His reading of the implications of Frydenberg’s speech as the same as everyone else:
Mainstream media, specifically “The Australian Financial Review” and “The Australian” have taken the Federal Minister for “The Enviroment and Energy” speech to a conference today to state that the Government is “set to dump clean energy target”.
Frydenberg reasons that the public won’t support climate change action if they have to pay too much for their bills:
Should reliability and affordability be compromised, public support for tackling climate change will quickly diminish and previous gains will be lost
How does Finkel justify more subsidies in a cost competitive industry?
Because “management”:
Finkel told the gathering a clean energy target was a framework allowing an orderly transition away from carbon-intensive power sources to low-emissions power sources.
“It remains a useful tool even if there is an extreme rate of reduction in the price of the new technologies,” Finkel said. “You need a managed transition.”
So Finkel the chief scientist hath spoken on economic matters of energy policy and the answer is to manage the transition, which shows what a pointless position “Chief Scientist” is.

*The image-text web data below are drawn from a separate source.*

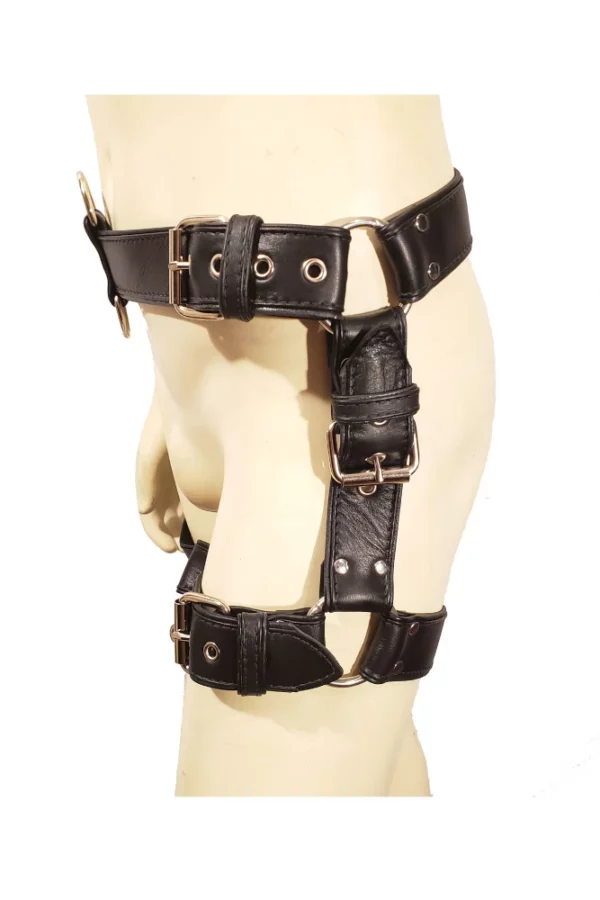 leather bulldog waist harness thigh cuffs houseofbasciano black silver side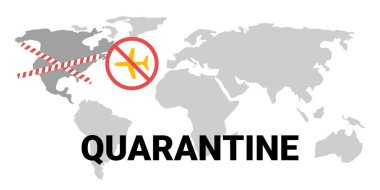 Red ribbon crossed north america map plane flying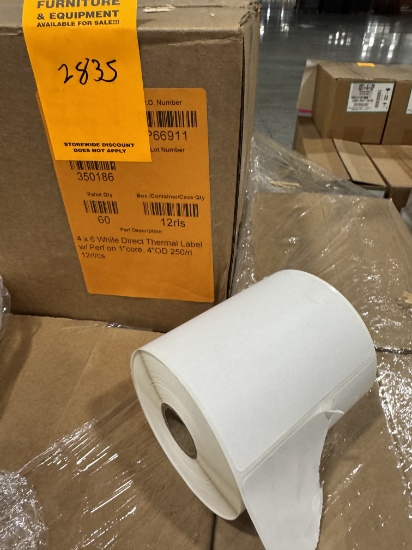 4" x 6" DT Paper Label (Freezer-Grade), A Pallet of 28 Cases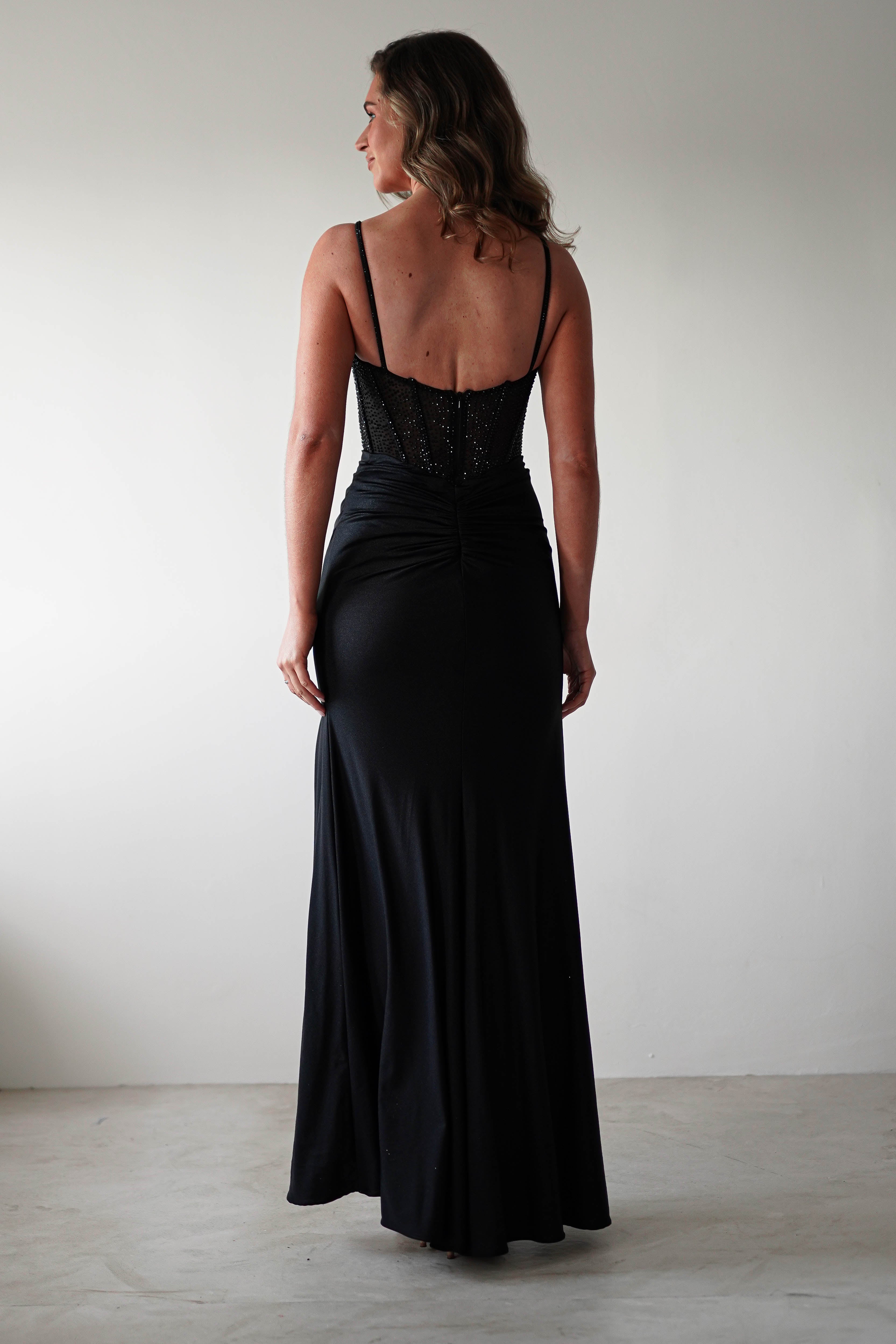 Stefani Rhinestone Bodice Gown | Black | Debs & Prom | Formal Gown | Oh Hello Clothing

He didn’t assess the scientific reasoning at all, and fails on economic basics. If renewables were competitive, the transition would manage itself. Who wouldn’t want solar panels and batteries if it really did cut the electricity bill in half? But solar still has subsidies, the payback time is long, uncertain, and there are horrid aftereffects making the whole grid unstable, driving out the cheapest baseload providers, and ultimately intermittent “cheap” electricity drives up the cost of electricity overall.
The scandals do count. The Australian articles has got Minister Frydenbergs attention. The extensive collection of blog posts and the IPA Climate Change book show there is a deep well of material to fuel more articles. We have barely begun. Congratulations to Jennifer Marohasy. At least we will get a few more answers to questions we shouldn’t even have to ask.
Dr Johnson has also agreed to meet with Jennifer Marohasy, a senior fellow at the Institute of Public Affairs, to discuss the integrity of the bureau’s temperature measurements as she pushes ahead with calls for a parliamentary inquiry.
The story of the “one second” records is potent: How many “hottest ever records” have been created thanks to new electronic equipment?
The Australian Bureau of Meteorology appears to have put in place a measurement system guaranteed to provide new record high and low temperatures,” she said in the letter.
Instead of the older-style mercury thermometers in which temperatures changed more slowly, the bureau has since the late 1980s installed electronic probes sensitive to rapid variations. “Just last Saturday (September 22), the Bureau of Meteorology announced a September record for Mildura, in northwestern Victoria, of 37.7C.
What we need is the absolute raw data. No editing, filtering or adjusting. We need to know what the equipment recorded, and every part of the trail that leads from the instrument to the reported number in the headline.
Banks, businesses, taxpayers get audited. Time for the BOM.